Rome, November 28 - Rome, November 27 - Some of the bodies are realistic, others contorted, others still stylized and abstract. In Plural Hellenic, contemporary Greek figurative art takes the human form as its guide, representing it in a manner both brutal and poetic. Opening Wednesday through January 11 at the Vittoriano Museum in Rome, the exhibit of 88 works by 25 artists, dating from the 80s to the present, is on loan from Greek lawyer, patron and collector Sotiris Felios, who is also the show's sole sponsor. A not-inconsiderable choice at a time of crisis that is 'not only economic but also human,' as Greek ambassador to Italy, Michalis Cambanis, defined it at the exhibit's press launch on Tuesday. 'Culture and tourism are the arrows in Greece's quiver' in the fight against the economic recession, the ambassador said. Organized under the patronage of Italian President Giorgio Napolitano, whose cultural heritage conservation adviser, Louis Godart, attended the press launch, Plural Hellenic shifts the Italian public eye from the daily narrative of the Greek crisis to the realm of artistic creativity, which has remained vital in spite of everything. Curated by Giuliano Serafini, the show is divided into sections, such as Between Memory and Reality (with artists from Kostas Argyris to Kalliopi Assagiortaki), Perverting Representation (work by Michalis Manoussakis, Tassos Missouras, Nikos Siskos and more), Nature Found?, and The Savage Work, among others. Visitors roam through a series faces, bold colors, glances that are sometimes tender, sometimes fierce, in settings that are urban, others that are domestic: in Felios' collection, contemporary Greek artists are highly concentrated on the human being in all its emotional and existential nuances.
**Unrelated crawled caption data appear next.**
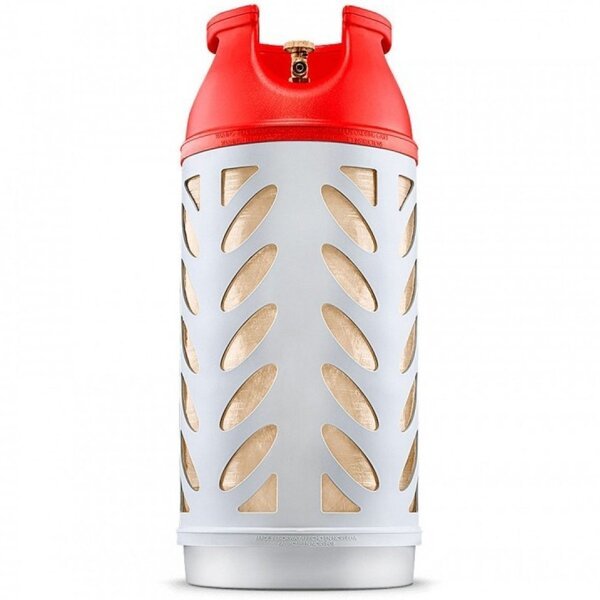 Балон газовий композитний Hexagon Ragasco HR33.5L, пропан 14 кг, бутан 16,5кг,
33.5л (100581) 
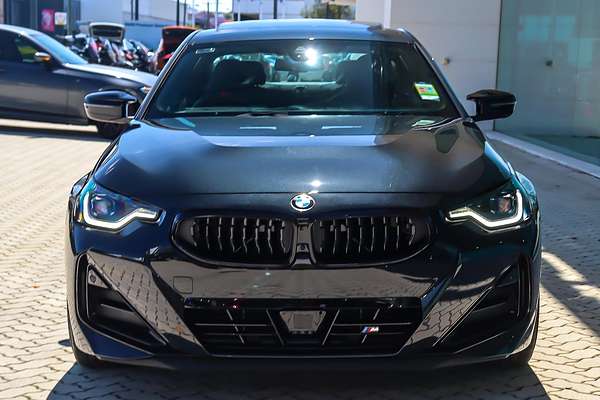 2025 BMW 2 Series M240i xDrive G42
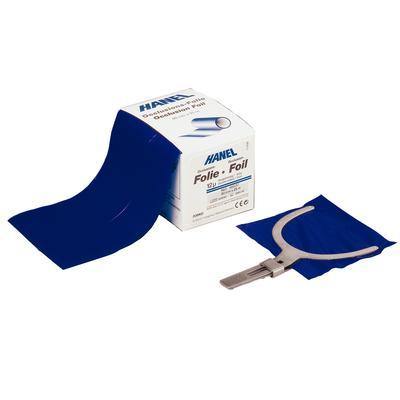 Hanel Occlusion Foil – 12 Microns, 25 m/Box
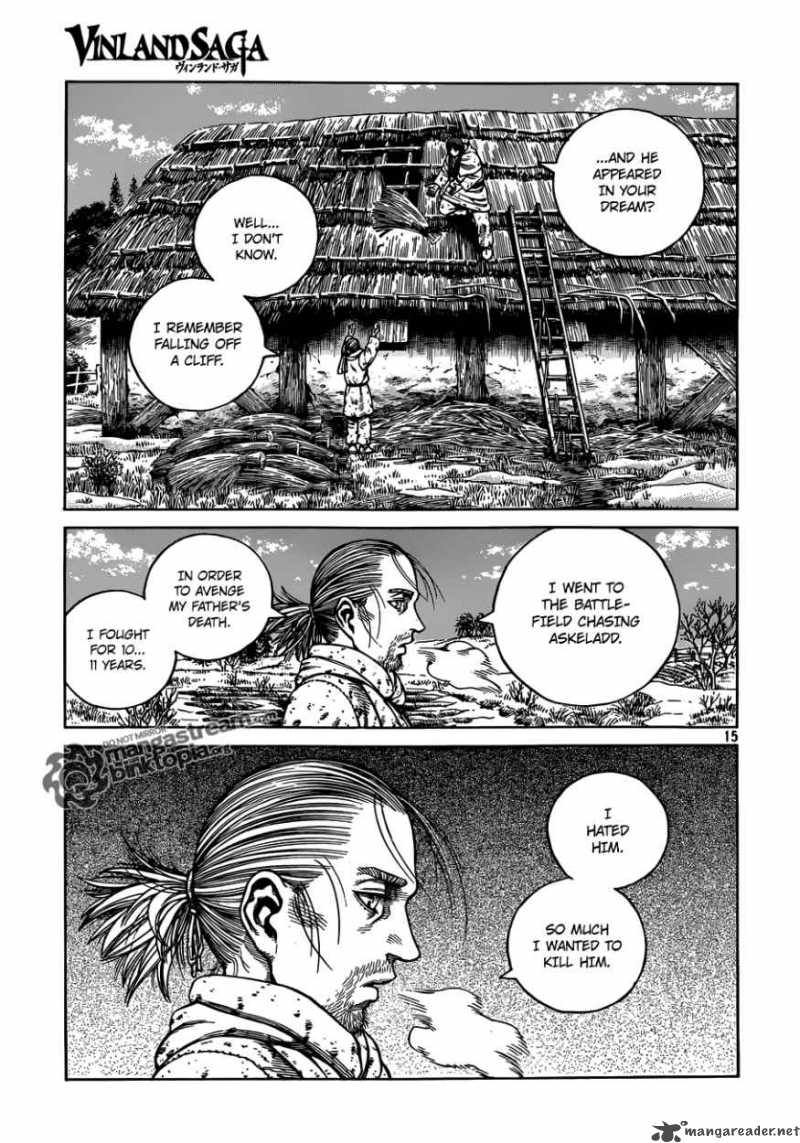 Vinland Saga Chapter 68 - Page 16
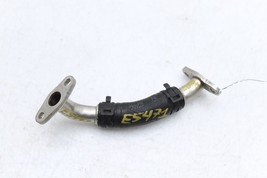 VW AUDI 06H145735G TURBOCHARGER TURBO OIL RETURN LINE HOSE E5471 image 2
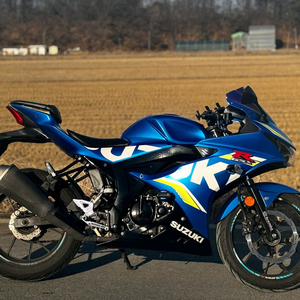 스즈키GSX-R125/18년식/1만키로/265만원 이미지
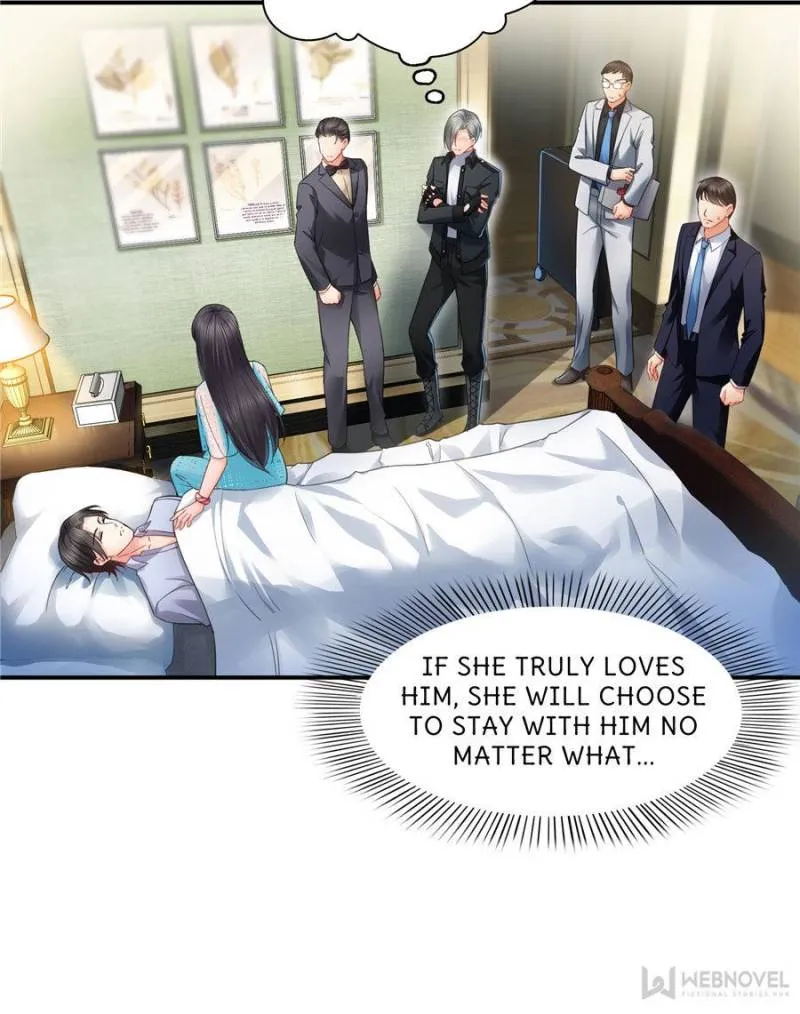 Perfect Secret Love: The Bad New Wife Is A Little Sweet Zinmanga X Chapter 101 Page 23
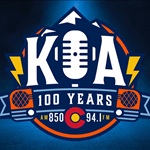 KOA 850 AM & 94.1 FM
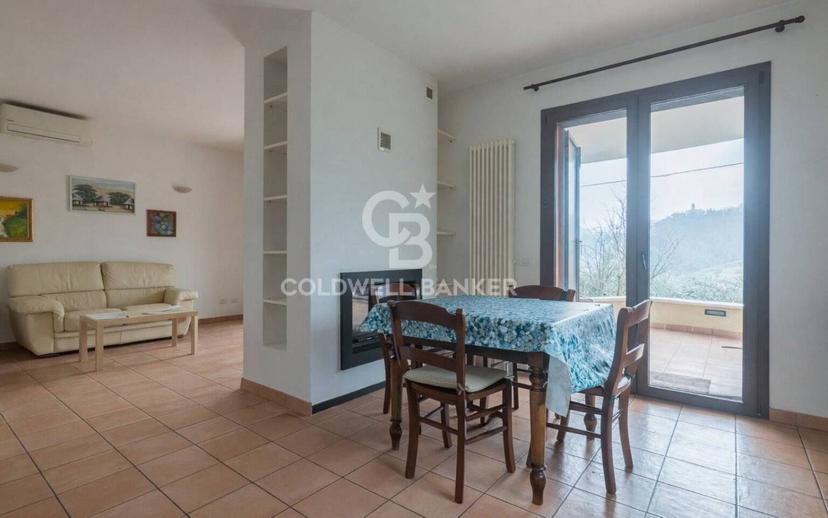 Trilocale via Serra Di Sotto 38, Montefiore Conca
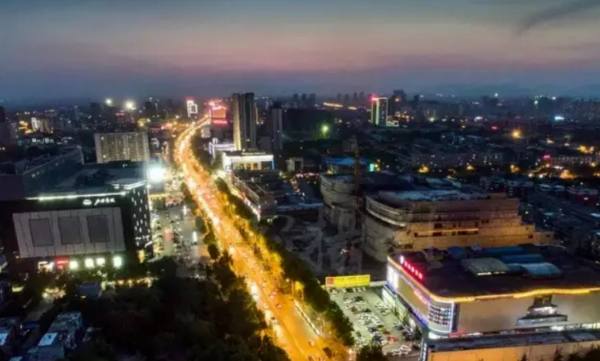 邢台，历史底蕴与现代发展的交汇之城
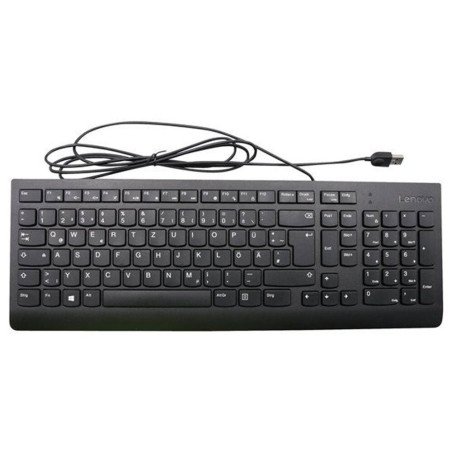 Lenovo Calliope Keyboard Qwertz  USB  Bulk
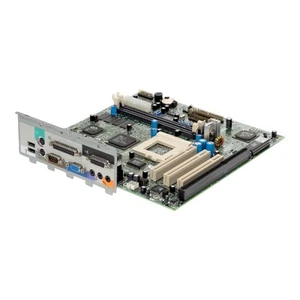 Mainboard Micro-ATX Acer V72MA Socket 7 SDRAM PCI ISA ATI 3D RAGE PRO - Picture 1 of 3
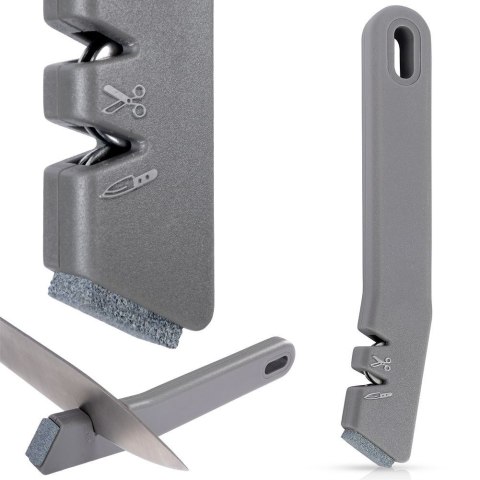 Ostrzałka do noży kuchennych i nożyczek osełka GET-IT 141102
A humanity that needs forever, somehow, to be narrated, even amid the chronicles of the Greek crisis, which is almost always the stuff of figures, statistics, economic analyses. 'The collection...is one of the ways in which I choose to spend my free time,' said a greatly satisfied Felios, who also presides over the Other Arcadia Foundation and is a lover of Rome, which he has been visiting for the past 40 years. 'It is a vision of my creativity through emotions that painting alone can give me'.